_TASK DESCRIPTION_
Copy the data that follows exactly. Include no pictures.

(Data items)
"""

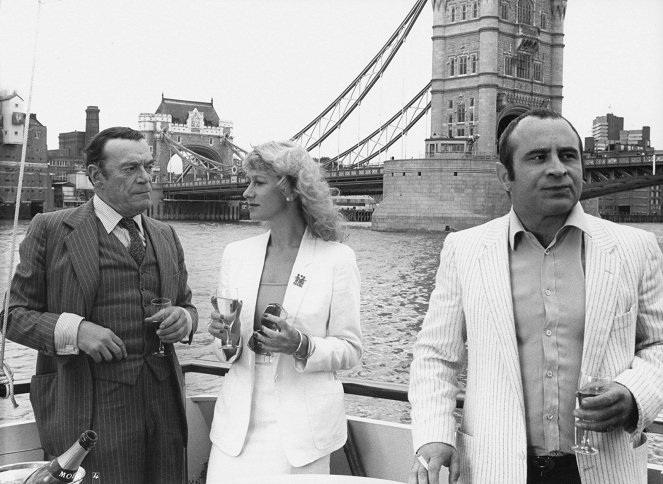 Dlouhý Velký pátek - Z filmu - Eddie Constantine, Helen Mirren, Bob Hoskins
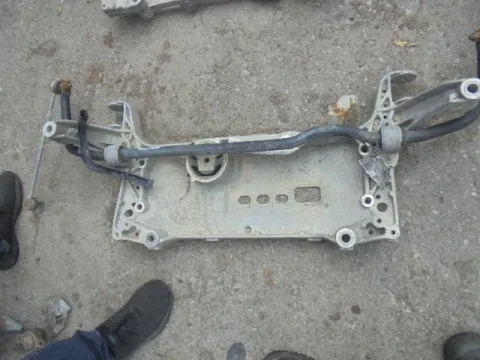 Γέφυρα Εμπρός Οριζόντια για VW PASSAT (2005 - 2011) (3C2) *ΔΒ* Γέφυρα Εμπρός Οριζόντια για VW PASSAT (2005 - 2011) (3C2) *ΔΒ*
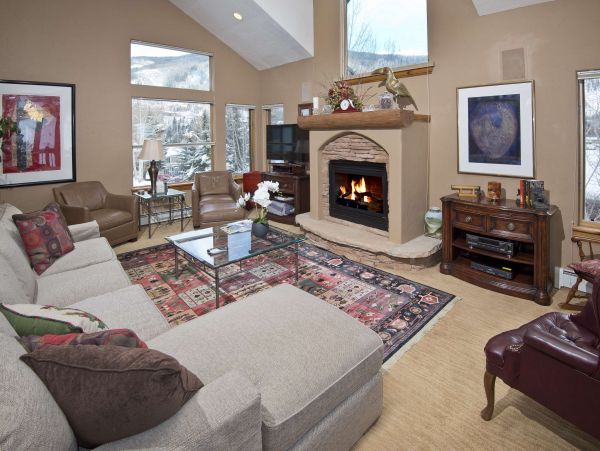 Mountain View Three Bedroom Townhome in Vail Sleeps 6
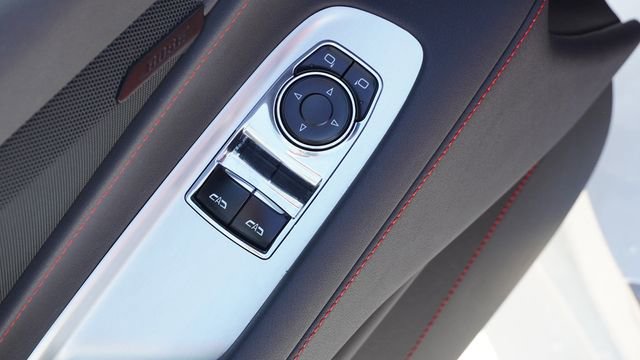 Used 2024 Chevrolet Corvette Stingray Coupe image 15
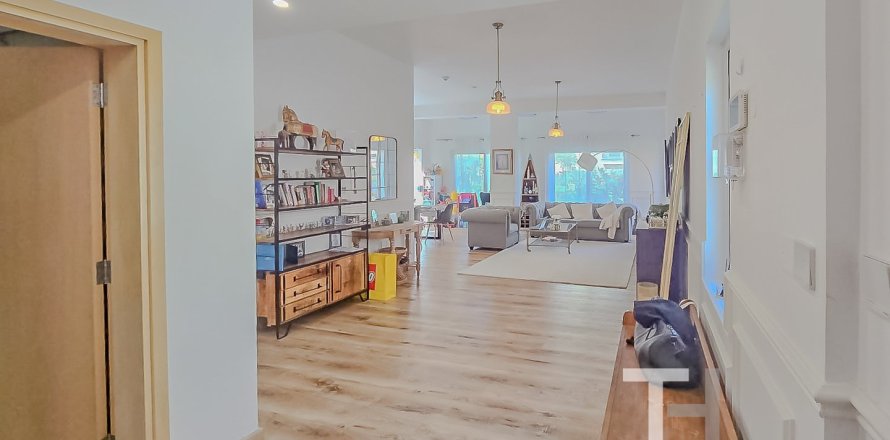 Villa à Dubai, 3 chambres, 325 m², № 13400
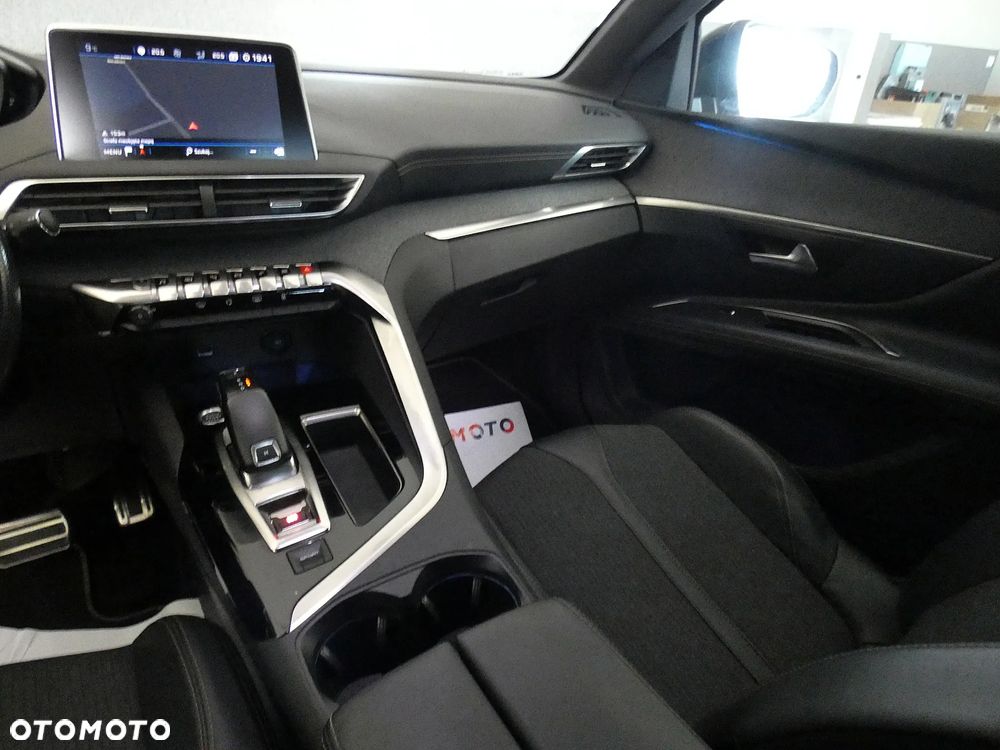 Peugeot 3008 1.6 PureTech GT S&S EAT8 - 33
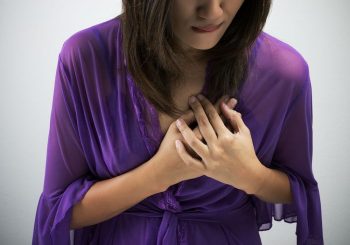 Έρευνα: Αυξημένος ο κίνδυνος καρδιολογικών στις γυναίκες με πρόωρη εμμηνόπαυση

"""

_WRITTEN ANSWER_
 Dlouhý Velký pátek - Z filmu - Eddie Constantine, Helen Mirren, Bob Hoskins
 Γέφυρα Εμπρός Οριζόντια για VW PASSAT (2005 - 2011) (3C2) *ΔΒ* Γέφυρα Εμπρός Οριζόντια για VW PASSAT (2005 - 2011) (3C2) *ΔΒ*
 Mountain View Three Bedroom Townhome in Vail Sleeps 6
 Used 2024 Chevrolet Corvette Stingray Coupe image 15
 Villa à Dubai, 3 chambres, 325 m², № 13400
 Peugeot 3008 1.6 PureTech GT S&S EAT8 - 33
 Έρευνα: Αυξημένος ο κίνδυνος καρδιολογικών στις γυναίκες με πρόωρη εμμηνόπαυση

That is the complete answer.